In this time period, the pseudoconsole infrastructure was introduced. Pseudoconsole permits any application to launch the console host in a non-interactive mode and become the final terminal interface for the user. The main limitation in this effort was the continued compatibility promise of Windows in servicing all published Windows Console APIs for the indefinite future, while providing a replacement server-hosting interface that matched what is expected on all other platforms: virtual terminal sequences. As such, this effort performed the mirror image of the client phase: the pseudoconsole projects what would be displayed onto the screen as virtual terminal sequences for a delegated host and interprets replies into Windows-format input sequences for client application consumption.

Roadmap for the future

Terminal applications

[2019-Now] This is the open source era for the console subsystem, focusing on the new Windows Terminal. Announced during the Microsoft Build conference in May 2019, Windows Terminal is entirely on GitHub at microsoft/terminal. Building the Windows Terminal application on top of the refined platform for pseudoconsole will be the focus of this era, bringing a first-class terminal experience directly to developers on the Windows platform.

Windows Terminal intends not only to showcase the platform — including the WinUI interface technology, the MSIX packaging model, and the C++/WinRT component architecture — but also as a validation of the platform itself. Windows Terminal is driving the Windows organization to open and evolve the app platform as necessary to continue to lift the productivity of developers. The Windows Terminal unique set of power user and developer requirements drive the modern Windows platform requirements for what those markets truly need from Windows.

Inside the Windows operating system, this includes retiring the classic console host user interface from its default position in favor of Windows Terminal, ConPTY, and virtual terminal sequences.

Lastly, this era intends to offer full choice over the default experience, whether it is the Windows Terminal product or any alternative terminals.

Client support library

[Future] With the support and documentation of virtual terminal sequences on the client side, we strongly encourage Windows command-line utility developers to use virtual terminal sequences first over the classic Windows APIs to gain the benefit of a unified ecosystem with all platforms. However, one significant missing piece is that other platforms have a wide array of client-side helper libraries for handling input like readline and graphical display like ncurses. This particular future road map element represents the exploration of what the ecosystem offers and how we can accelerate the adoption of virtual terminal sequences in Windows command-line applications over the classic Console API.

Sequence Passthrough

[Future] The combination of virtual terminal client and server implementations allows the full mixing and matching of client command-line and terminal hosting applications. This combination can speak to either the classic Windows Console APIs or virtual terminal sequences, however, there is an overhead cost to translating this into the classic compatible Windows method and then back into the more universal virtual terminal method.

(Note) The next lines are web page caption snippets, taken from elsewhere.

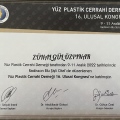 Resmi büyüt: certificate 5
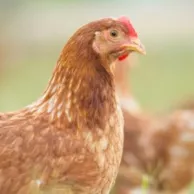 Pourquoi élever des poules à la maison en France et en Belgique ?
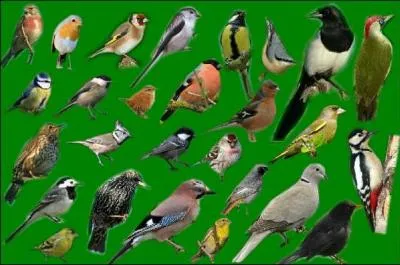 Quel oiseau zinzinule ?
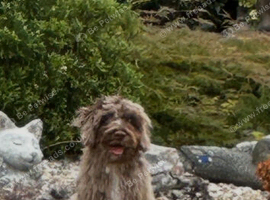 Chocolate merle cockapoo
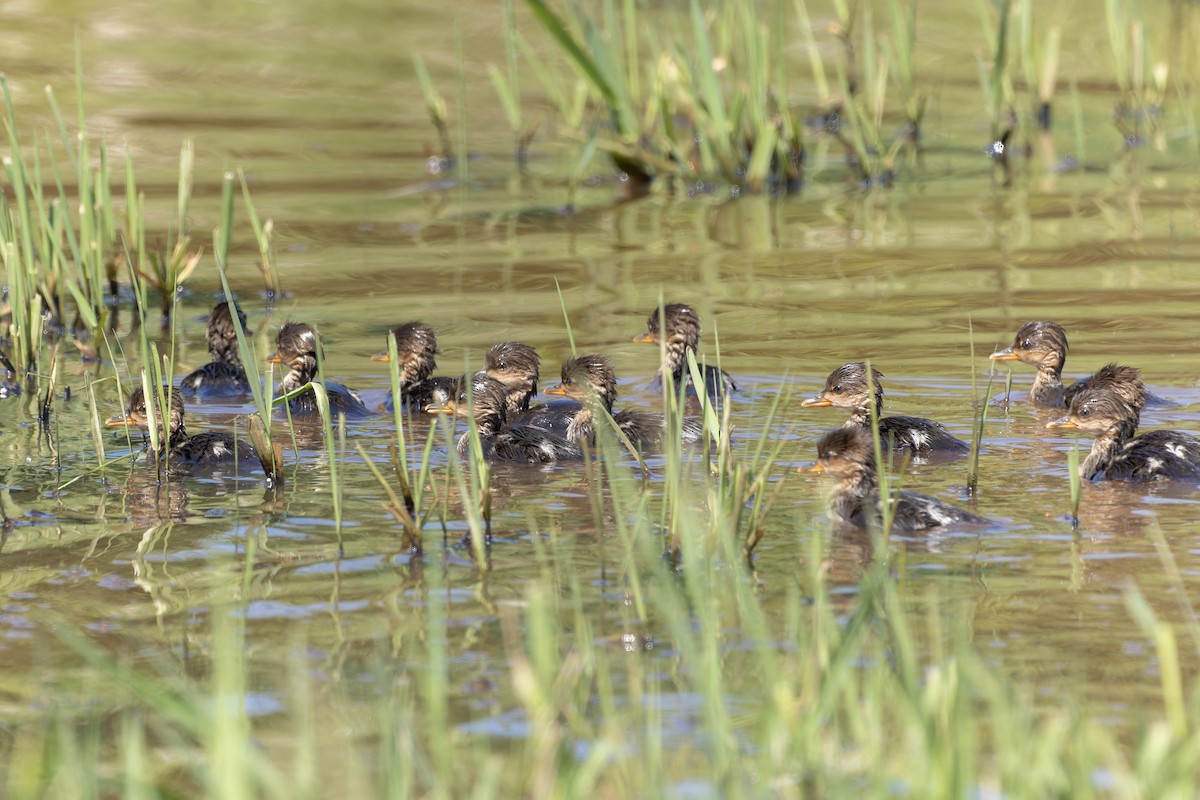 Hooded Merganser - ML619565065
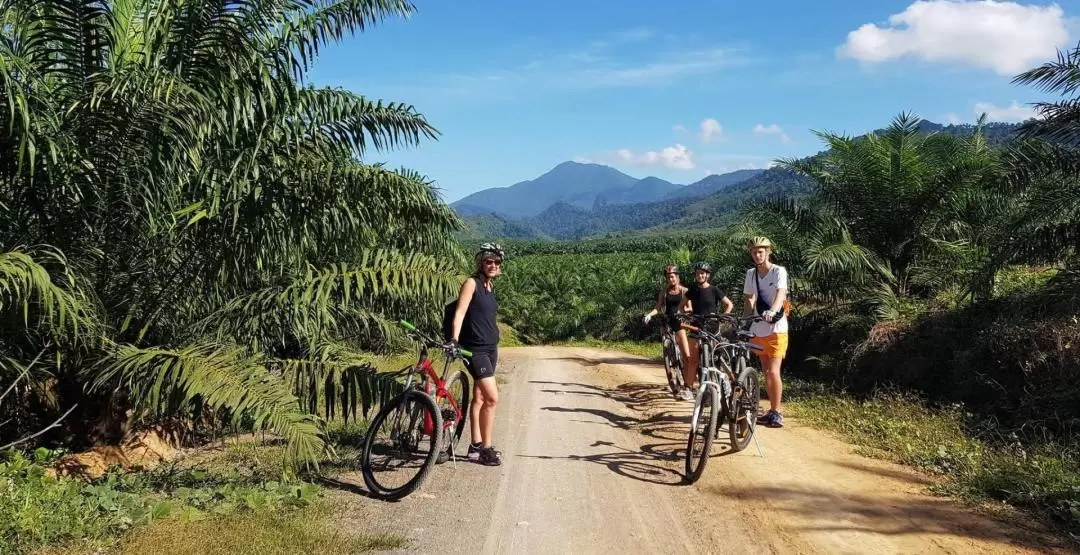 Krabi Eco Cycling Adventure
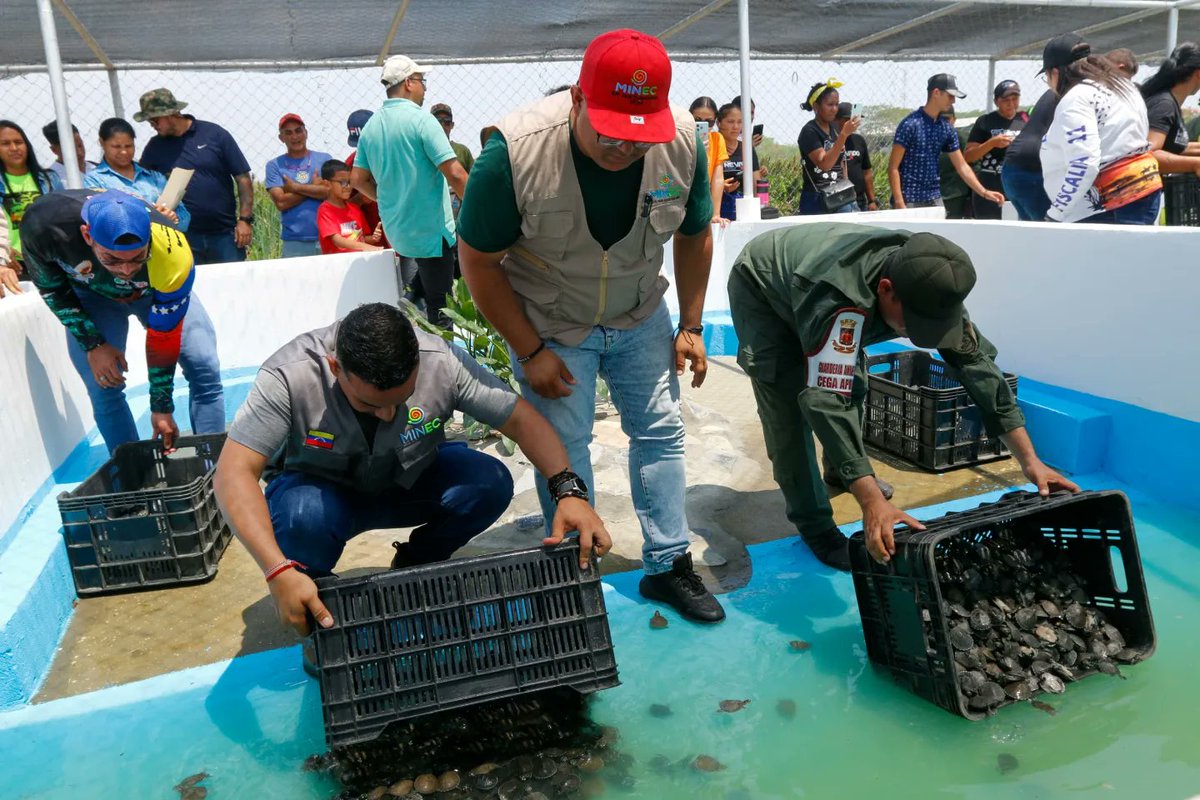 EcosocialismoV's tweet photo. 20.000 tortuguillos con 15 días de nacidos en las playas de Santa María  del Orinoco, estarán bajo alimentación y cuidados especiales hasta que tengan el tiempo y tamaño adecuado para ser liberados en su hábitat natural. https://t.co/79yyui1nez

Once the market sufficiently adopts virtual terminal sequences and UTF-8 on Windows, the conversion/interpretation job of the console host can be optionally disabled. The console host would then become a simple API call servicer and relay from device calls to the hosting application via the pseudoconsole. This change will increase performance and maximize the dialect of sequences that can be spoken between the client application and the terminal. Through this change additional interactivity scenarios would be enabled and (finally) bring the Windows world into alignment with the family of all other platforms in the command-line application space.